Надо сказать, подобное порой случалось: жесткость фона или жестокость казаковских персонажей критики относили на счет авторской позиции, не учитывая, что автор преданно любил своих неблагополучных героев. С другой стороны, и "нутряные парни", под стать Сереге Вараксину, Василию Панкову или фельдшеру Николаю, не обязательно были столь уж оголтелы и примитивны. Молодой горожанин мог спасовать перед ними, мог отшатнуться от деревенской жизни при первом же с ней знакомстве, но писатель, шагнув ей навстречу, стремился за шершавой оболочкой распознать глубинную суть и разглядеть в людях, пусть неприметных, странных, даже, может быть, ущербных, их человеческую неповторимость. Более того (используем слова Б. Зайцева о Гоголе), "он в них влил нечто тягостное и мучительное из своей души, как бы свои некие черты в них распял, что и сделало их столь неотразимо ранящими…"

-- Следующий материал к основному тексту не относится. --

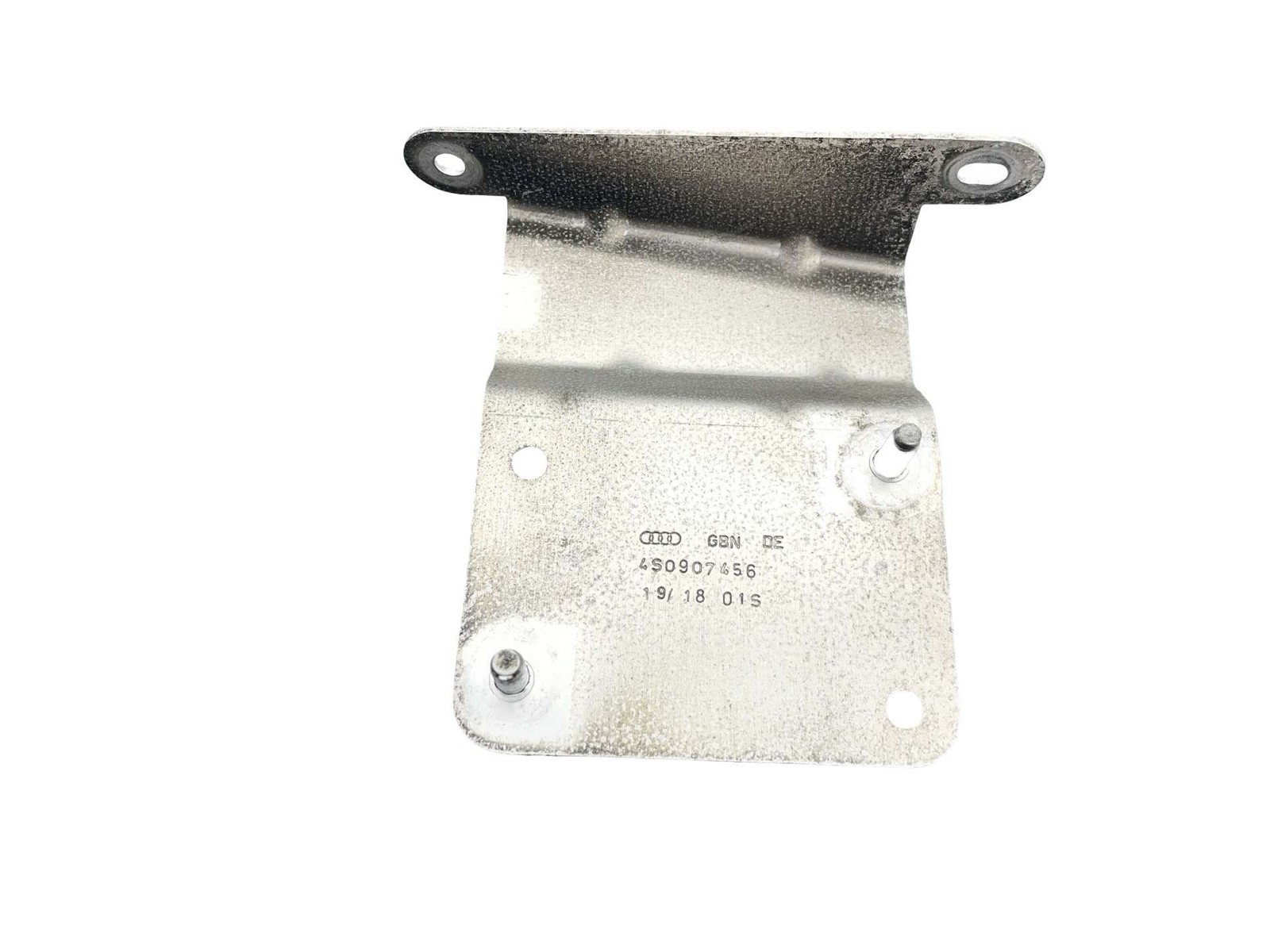 Lamborghini Huracan Support bracket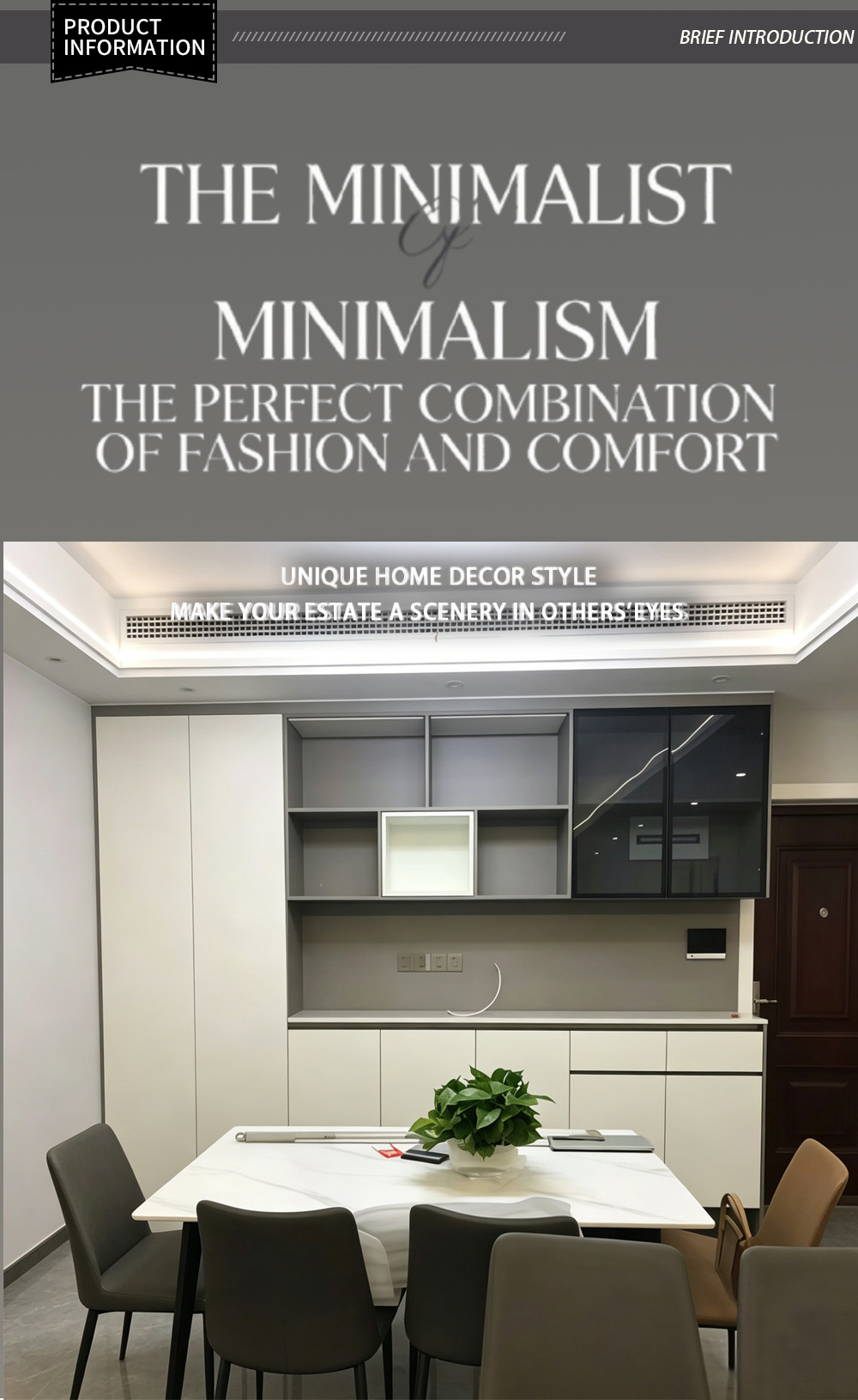 Comprehensive Function Breakdown for Custom Whole Kitchen (5)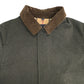 BURBERRY Jacket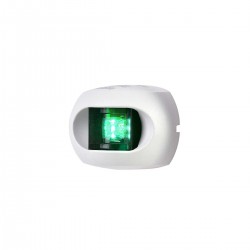 Luce LED a tribordo Serie 34
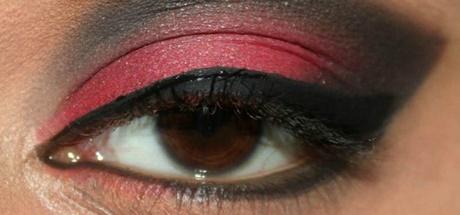 red-black-makeup-tutorial-88_11 Red black Make-up tutorial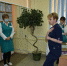 RKD_0185.JPG - Республиканский кардиодиспансер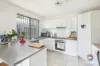27 Sapphire Street, Caloundra West, Qld 4551-Image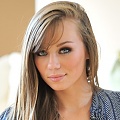Capri Anderson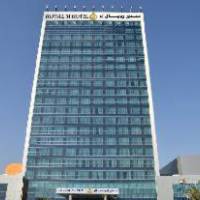 Room #132057521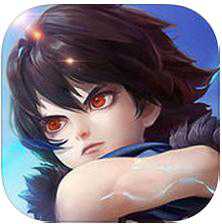 變節(jié)戰(zhàn)線官網(wǎng)手游(暫未上線)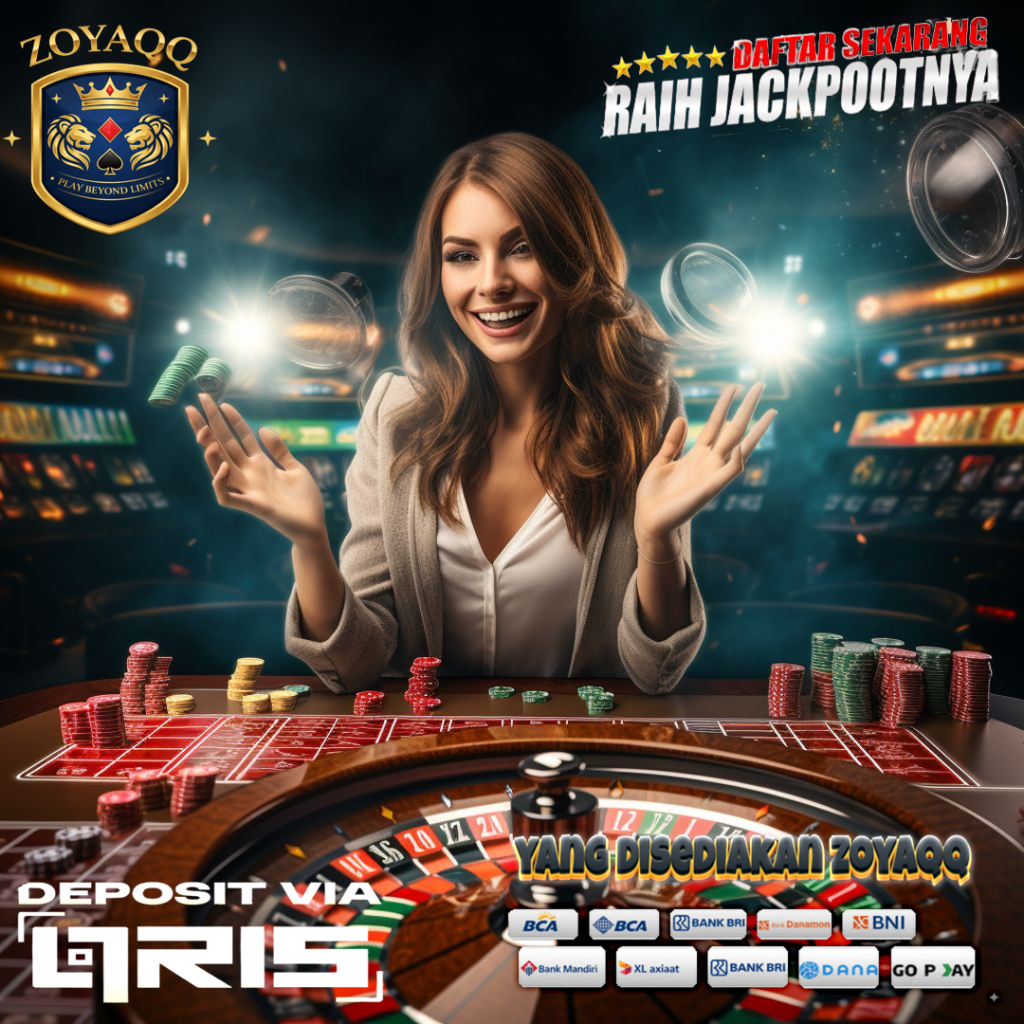 Sepatu Adidas Gaya dan Performa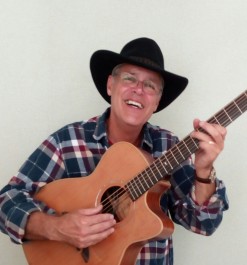 Douglas Garner Douglas Garner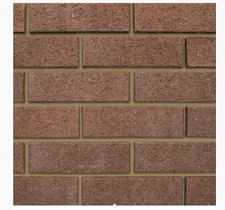 Cheap best bricks  - Ibstock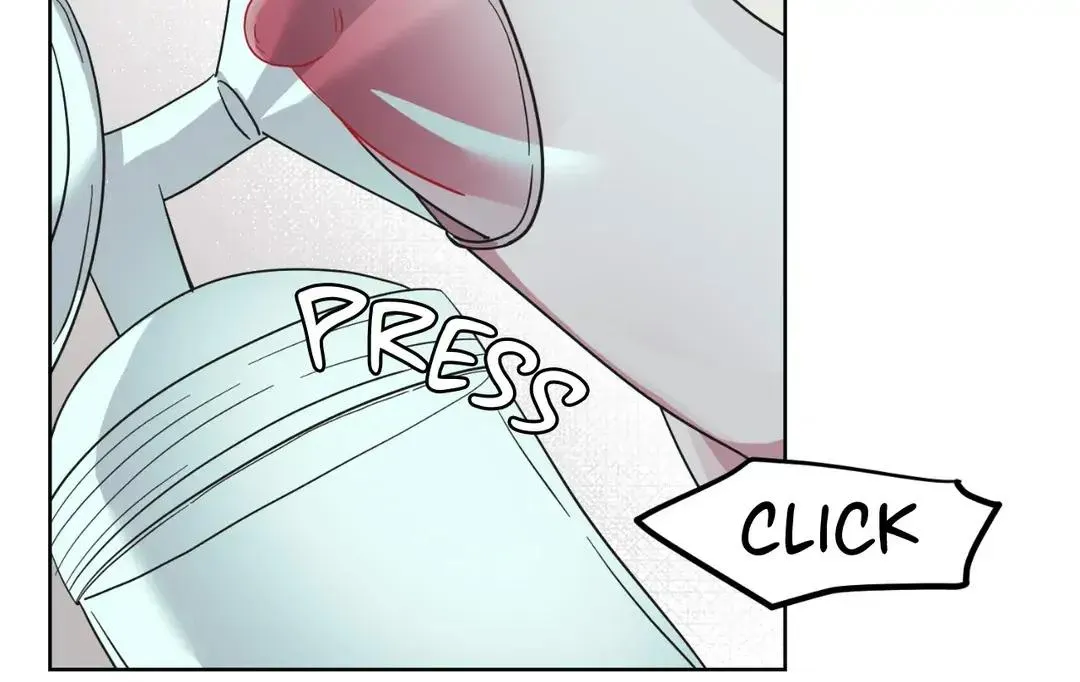 Manhwa Chịch Vồn Chịch Vã Chapter 73 Trang 81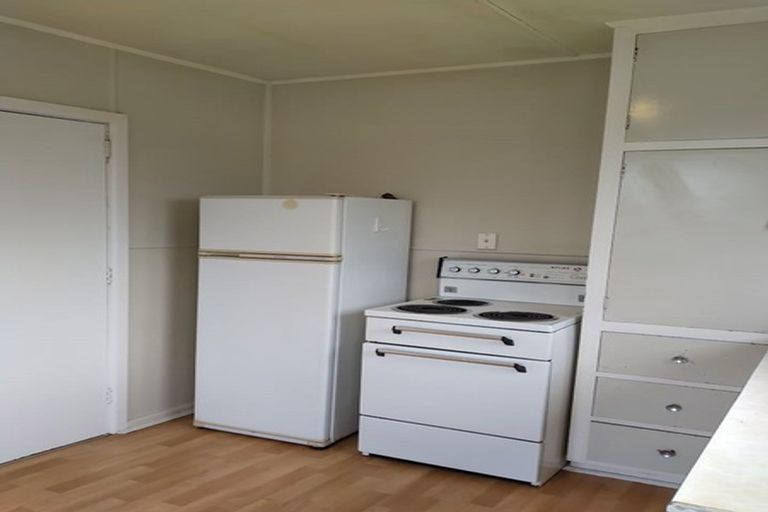 Photo of property in 51 Whitmore Street, Edgeware, Christchurch, 8013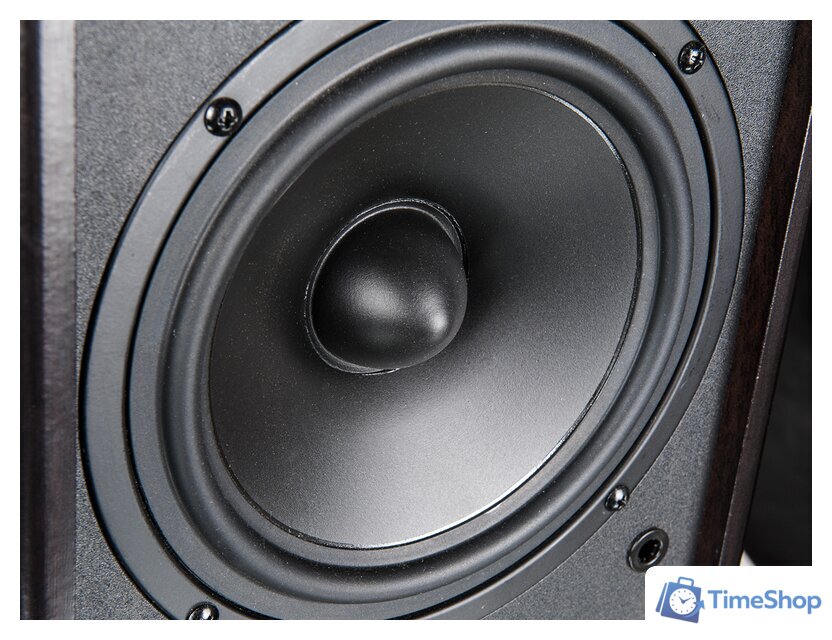 Акустика Microlab Solo 29 - Изображение №6 — Интернет-магазин Time-Shop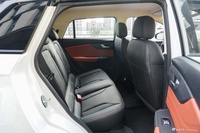 2021款YOUNG光小新L400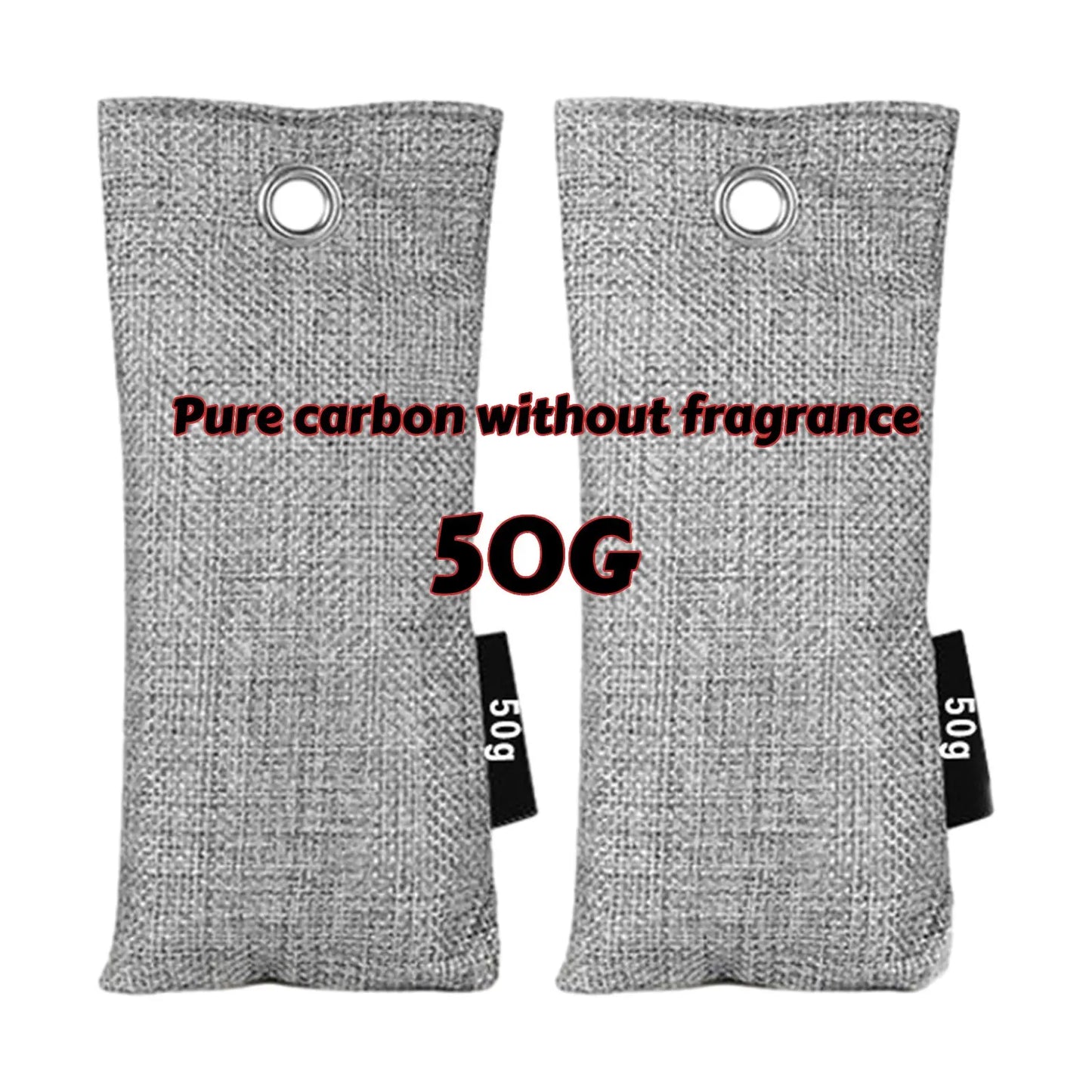 Boxing Gloves Moisture Absorption Maintenance Cleaning Boxing Glove Deodorizer for Smell Boxing Football Gloves Bowling Gloves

Ракурс изображения, эмоциональные оттенки при этом варьировались. Молчаливый спор между восторженным городским мечтателем и занозистыми деревенскими парнями уходил за рамки авторского поля зрения, а эти парни получали в казаковской прозе законное право голоса.

В этой связи заслуживает пристального внимания один из вершинных рассказов Казакова – "Трали-вали", опубликованный в журнале "Октябрь" под названием "Отщепенец".

Весной 1959 года Казаков писал Паустовскому: "А чудные вещи творятся на свете. Недавно написал я рассказ "Трали-вали" про бакенщика на Оке и вообще про Русь и русский характер, а больше всего про себя. Отнес я его в "Октябрь", Панферов отказал, т. к. нашел ущербность. А после выступления Соболева Панферов вдруг разозлился, попросил снова этот рассказ и хочет печатать…"

В августе Казаков вновь писал Паустовскому: "И еще просьба: прочтите, пожалуйста, мой последний рассказ в № 7 "Октября". Только называется он не "Отщепенец" (это Панферов выдумал) – какой он отщепенец! – а "Трали-вали". Меня ругают сейчас все, но Вы не расстраивайтесь, пока есть люди, подобные Вам, нам, молодым, не страшно жить…"

Рассказ "вообще про Русь и русский характер, а больше всего про себя…".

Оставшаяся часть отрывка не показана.